#### [Given data]
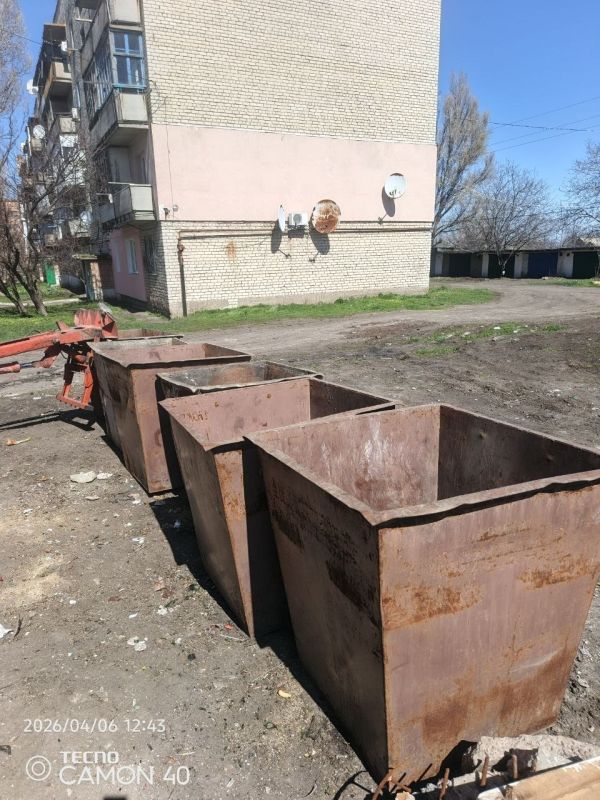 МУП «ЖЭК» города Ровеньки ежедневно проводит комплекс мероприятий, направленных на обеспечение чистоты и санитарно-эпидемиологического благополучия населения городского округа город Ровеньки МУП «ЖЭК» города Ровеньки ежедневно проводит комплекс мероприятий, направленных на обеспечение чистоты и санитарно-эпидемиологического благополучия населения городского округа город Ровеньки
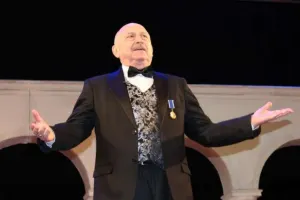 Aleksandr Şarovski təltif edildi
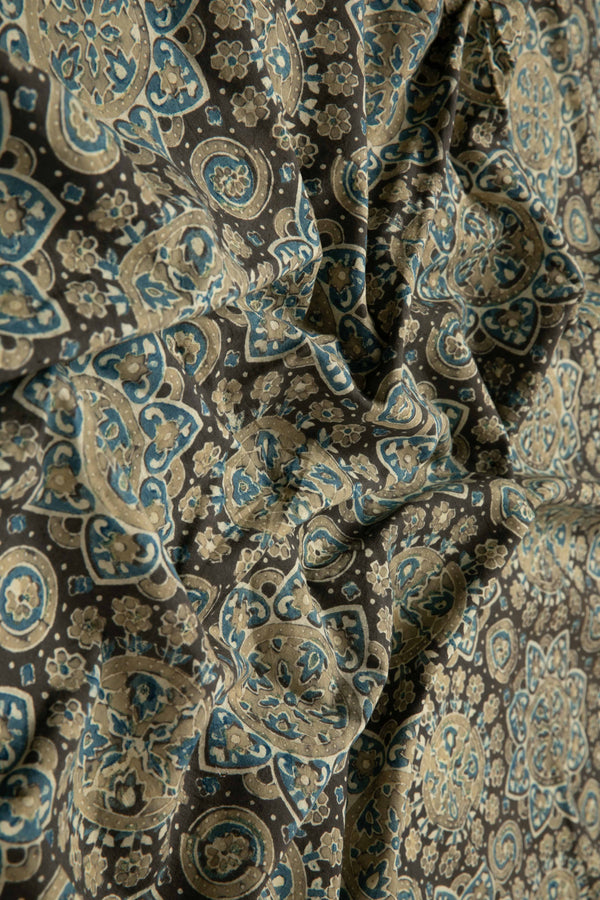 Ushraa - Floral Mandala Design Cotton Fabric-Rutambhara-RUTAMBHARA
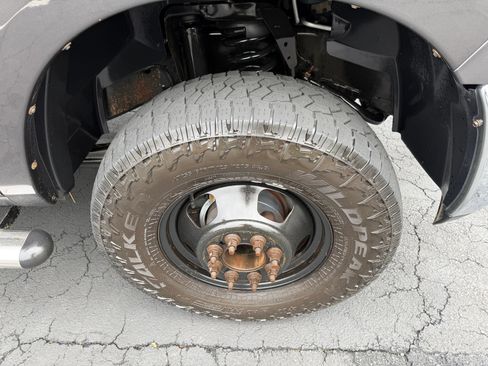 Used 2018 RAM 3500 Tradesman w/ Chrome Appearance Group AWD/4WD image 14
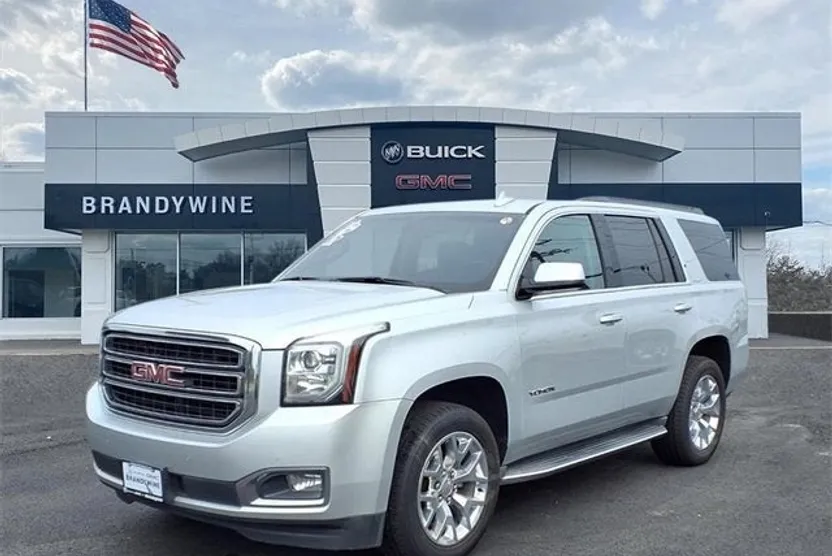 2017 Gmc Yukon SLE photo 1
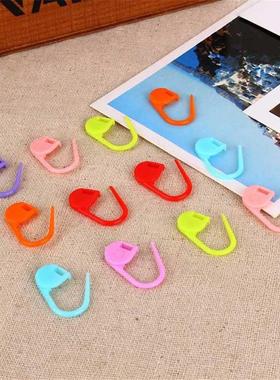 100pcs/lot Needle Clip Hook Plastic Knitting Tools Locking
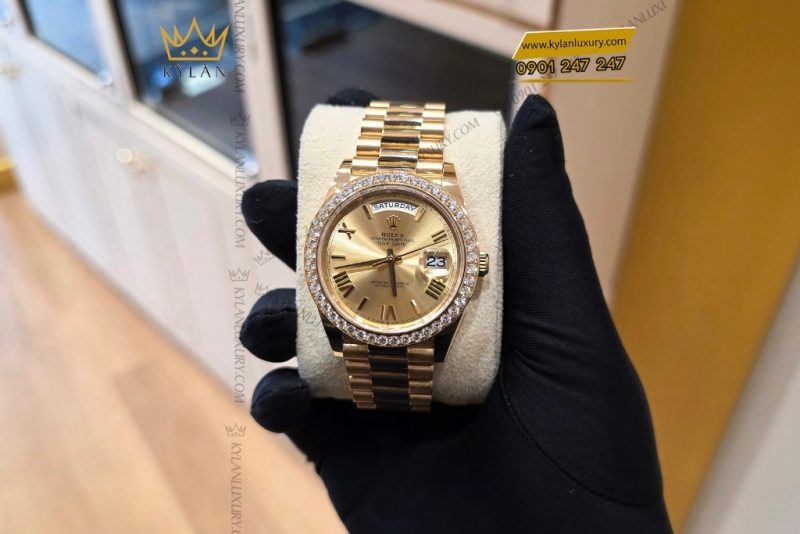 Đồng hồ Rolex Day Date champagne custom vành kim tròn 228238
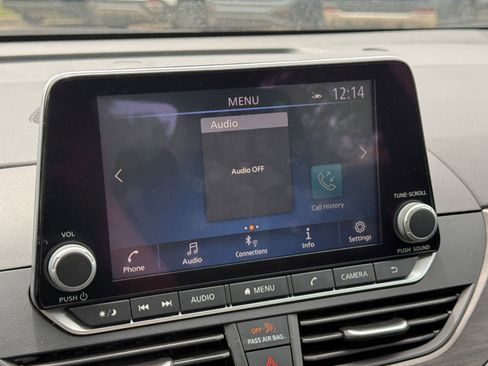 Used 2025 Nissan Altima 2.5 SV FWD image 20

---

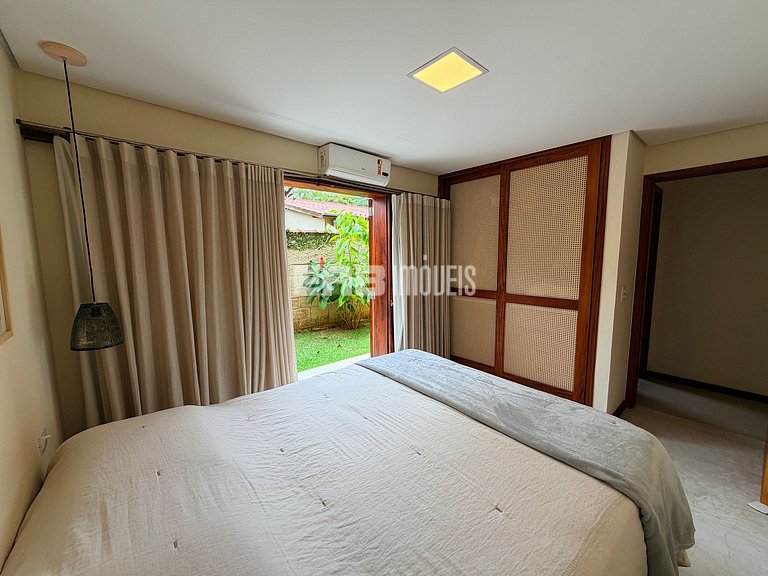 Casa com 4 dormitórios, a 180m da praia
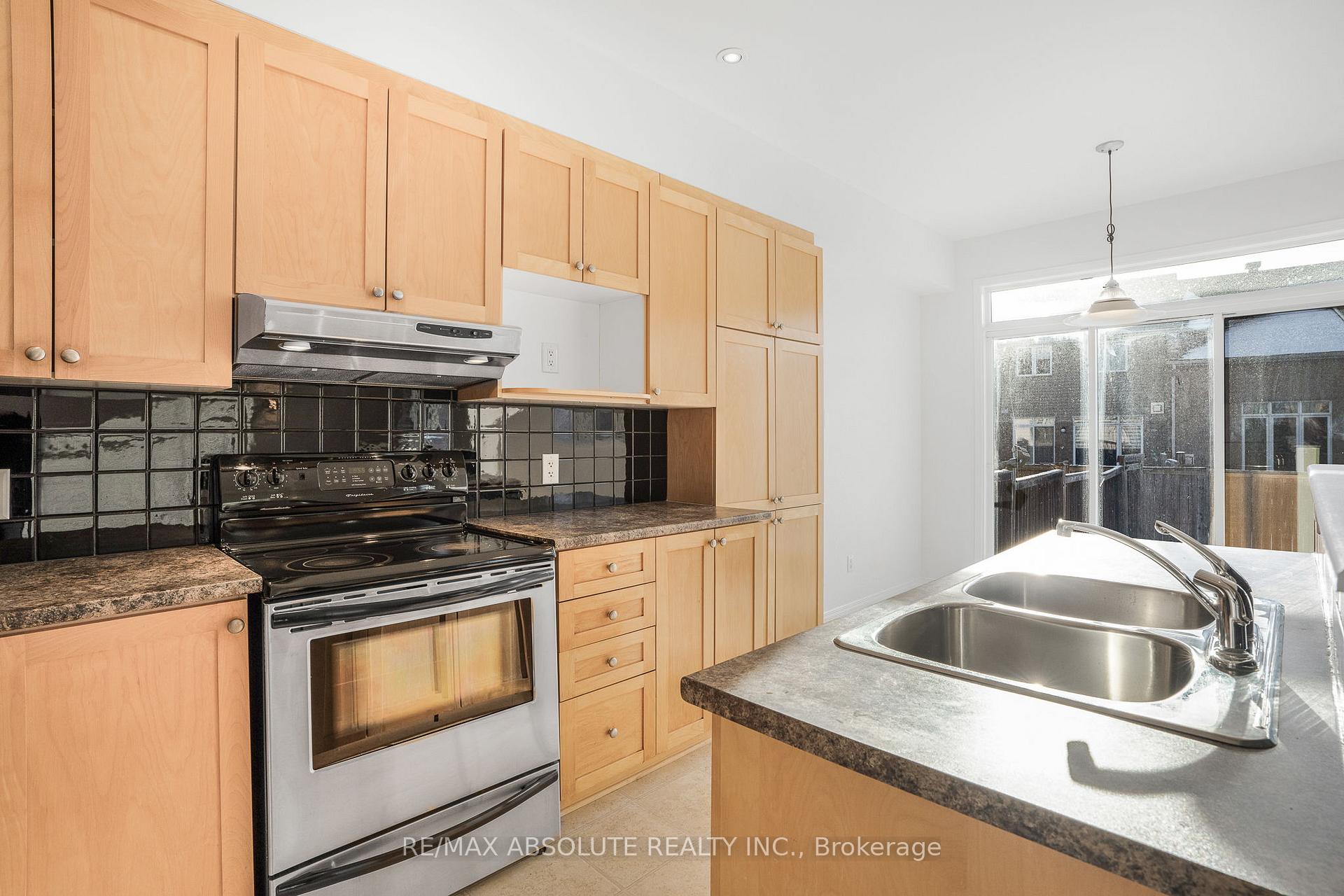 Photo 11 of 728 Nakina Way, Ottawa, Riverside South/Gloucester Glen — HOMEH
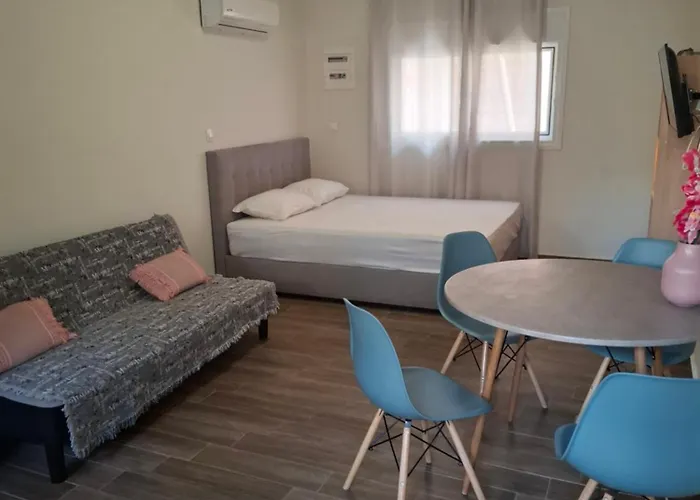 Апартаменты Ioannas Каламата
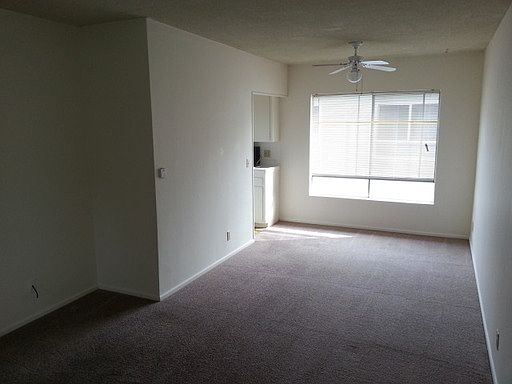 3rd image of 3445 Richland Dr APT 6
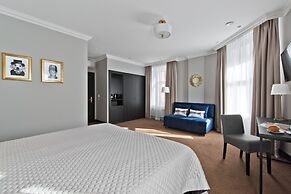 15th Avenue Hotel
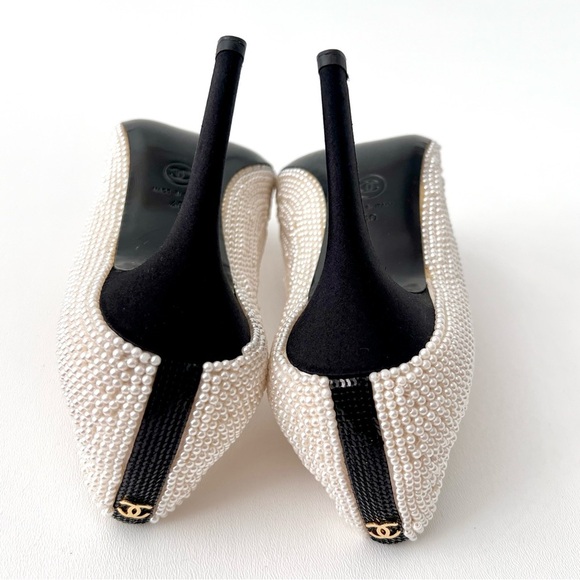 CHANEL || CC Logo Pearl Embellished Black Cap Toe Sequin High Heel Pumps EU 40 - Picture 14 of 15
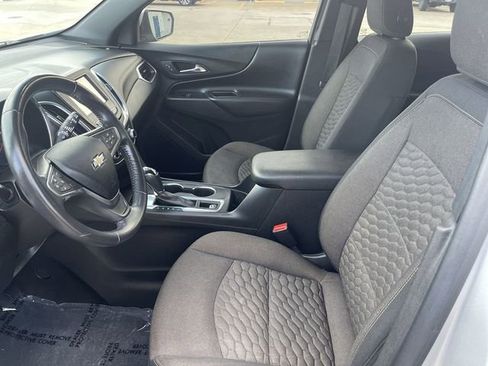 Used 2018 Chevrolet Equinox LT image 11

#### [Your objective]
The material above holds pictures; leave them out. Repeat exactly the lines from the one containing "Casa com 4 dormitórios, a 180m da praia" through the one containing "Used 2018 Chevrolet Equinox LT image 11", and nothing else.

#### [Completed exercise]
 Casa com 4 dormitórios, a 180m da praia
 Photo 11 of 728 Nakina Way, Ottawa, Riverside South/Gloucester Glen — HOMEH
 Апартаменты Ioannas Каламата
 3rd image of 3445 Richland Dr APT 6
 15th Avenue Hotel
 CHANEL || CC Logo Pearl Embellished Black Cap Toe Sequin High Heel Pumps EU 40 - Picture 14 of 15
 Used 2018 Chevrolet Equinox LT image 11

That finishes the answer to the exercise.